++++ Records for this exercise ++++
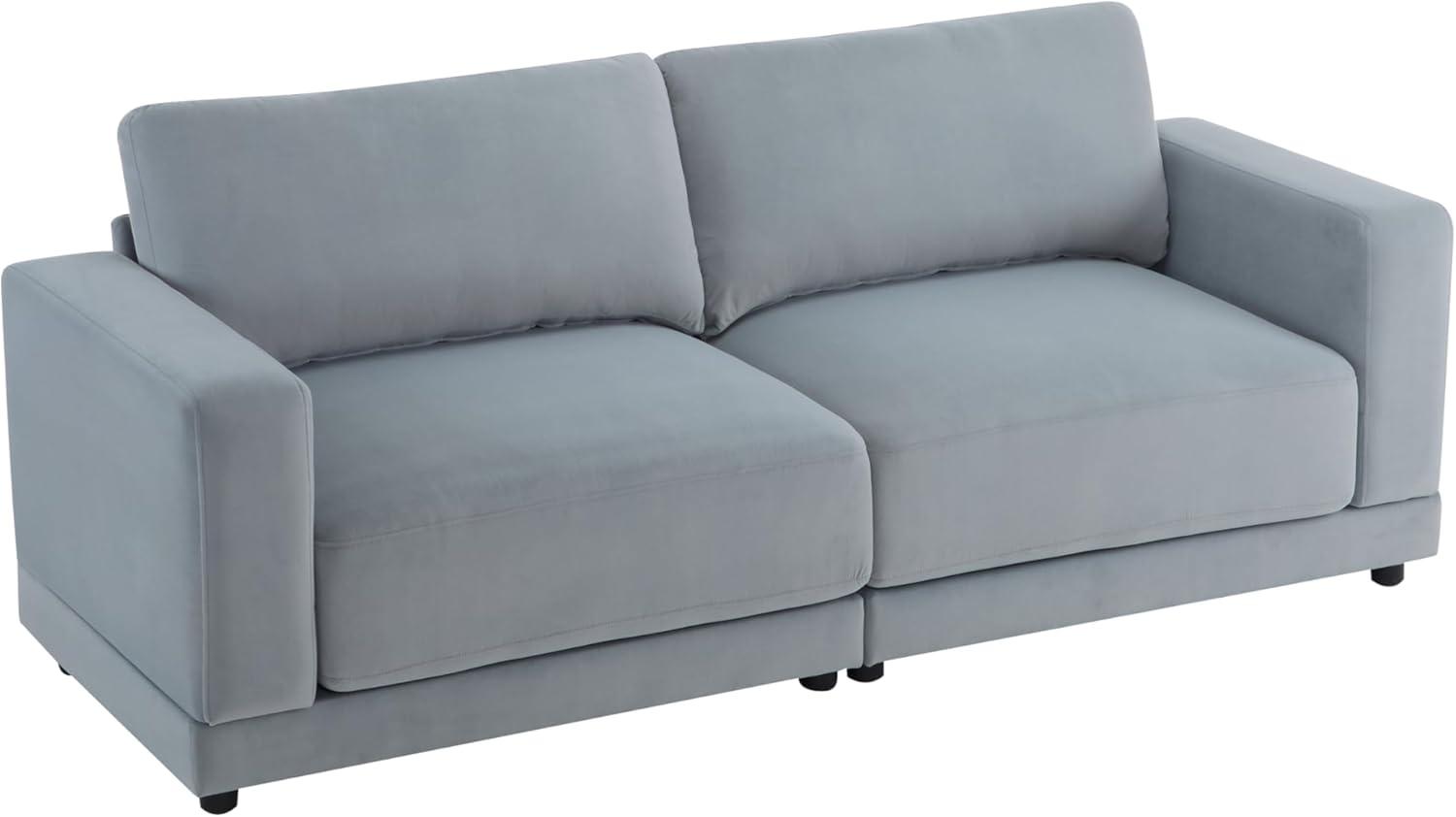 image:imageChristopher Knight Home Paren 81 Modern Velvet Upholstered Loveseat Comfy Living Room Sofa Couch with Wooden Frame 2Seater Upholstered Sofa Cloud Couch Furniture for HotelApartment Light GreyLight Grey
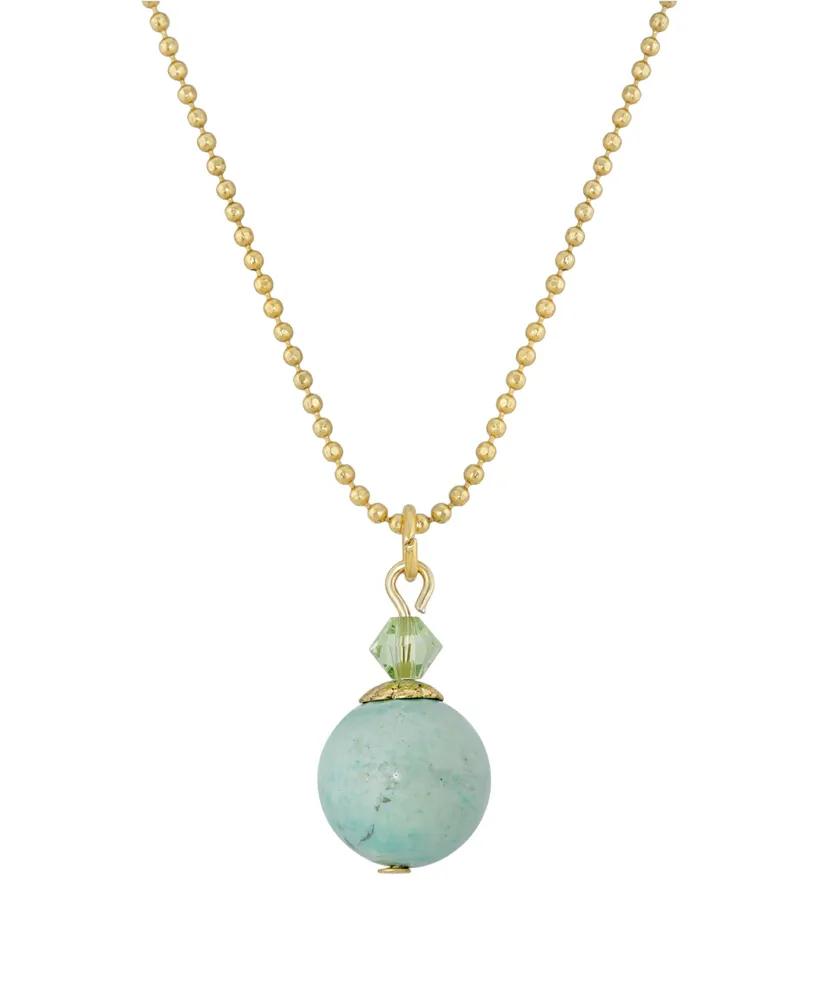 2028 Gold-Tone Semi Precious Turquoise Round Beaded Drop 18" Necklace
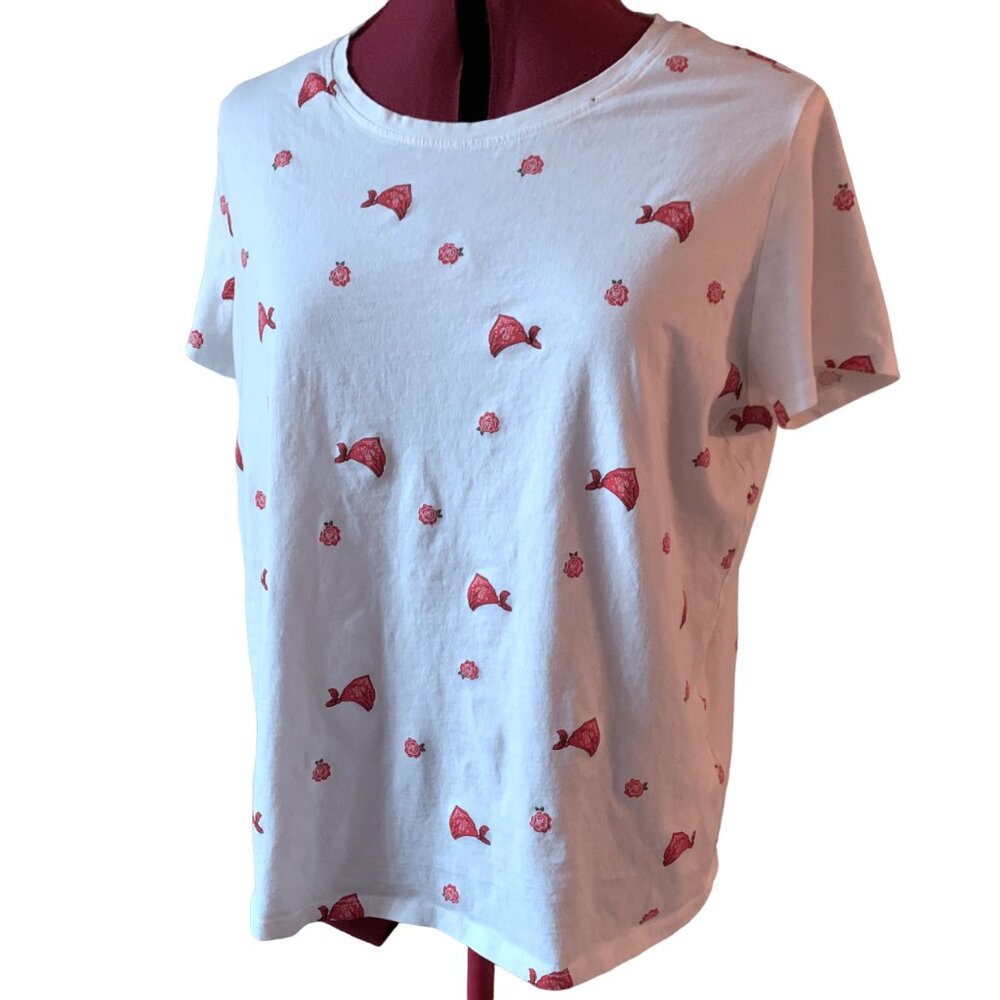 PIMKIE - Fitted T-shirt Round neck - White - red roses & bandanas - large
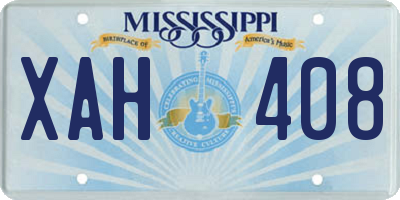 MS license plate XAH408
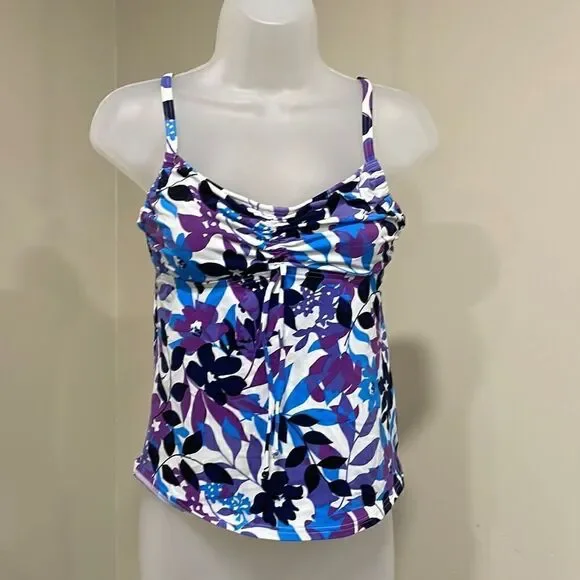 NWOT Lands' End Floral Tankini Swim Top.  Size 6 S small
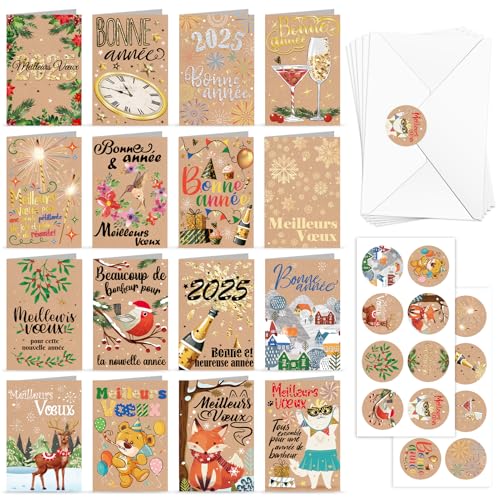 DPKOW 2025 Nouvel An Cartes de Vœux avec Enveloppe Autocollants, 16 x Papier Kraft Cartes de Nouvel An en Français, 2025 Bonne Année Cartes Meilleurs Vœux Nouvel An Postales Bonne Année von DPKOW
++++
Print each entry above exactly. The pictures should not be printed.

 image:imageChristopher Knight Home Paren 81 Modern Velvet Upholstered Loveseat Comfy Living Room Sofa Couch with Wooden Frame 2Seater Upholstered Sofa Cloud Couch Furniture for HotelApartment Light GreyLight Grey
 2028 Gold-Tone Semi Precious Turquoise Round Beaded Drop 18" Necklace
 PIMKIE - Fitted T-shirt Round neck - White - red roses & bandanas - large
 MS license plate XAH408
 NWOT Lands' End Floral Tankini Swim Top.  Size 6 S small
 DPKOW 2025 Nouvel An Cartes de Vœux avec Enveloppe Autocollants, 16 x Papier Kraft Cartes de Nouvel An en Français, 2025 Bonne Année Cartes Meilleurs Vœux Nouvel An Postales Bonne Année von DPKOW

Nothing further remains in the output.